--- The task ---
The records should be repeated word for word, pictures excluded.

--- Given records ---
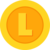 LUMI Credits (LUMI)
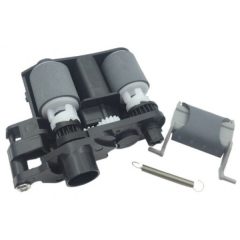 HP CE538-60137 ADF roller kit M1536 SD(For Use)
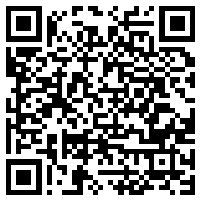 QR Code for bitcoin:bitcoin:bitcoin:bitcoin:3KWZB6bB4hEHMmZCxtFuNRcqvRfvpz2mjs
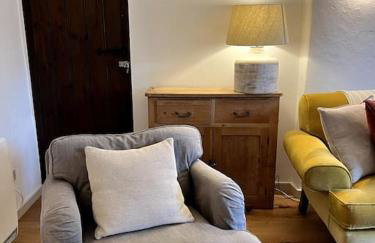 Bay Tree Barn - Photo 48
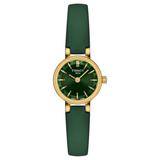 Tissot Lovely Round 19.5mm T1400093609100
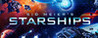 Sid Meier&rsquo;s Starships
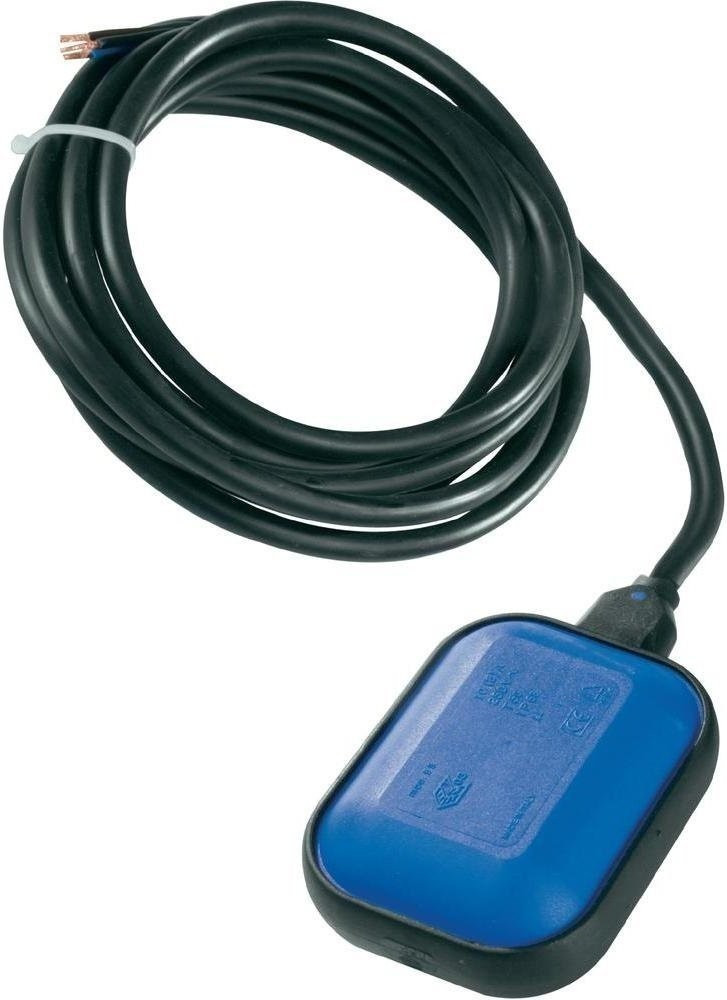 Sesam-Systems 1CL RLG025NEOP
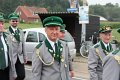 2010_08_08_erntefestumzug_055.jpg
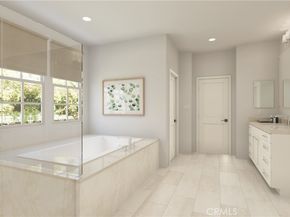 6575 Etiwanda Avenue, Rancho Cucamonga CA 91739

--- Exercise output ---
 LUMI Credits (LUMI)
 HP CE538-60137 ADF roller kit M1536 SD(For Use)
 QR Code for bitcoin:bitcoin:bitcoin:bitcoin:3KWZB6bB4hEHMmZCxtFuNRcqvRfvpz2mjs
 Bay Tree Barn - Photo 48
 Tissot Lovely Round 19.5mm T1400093609100
 Sid Meier&rsquo;s Starships
 Sesam-Systems 1CL RLG025NEOP
 2010_08_08_erntefestumzug_055.jpg
 6575 Etiwanda Avenue, Rancho Cucamonga CA 91739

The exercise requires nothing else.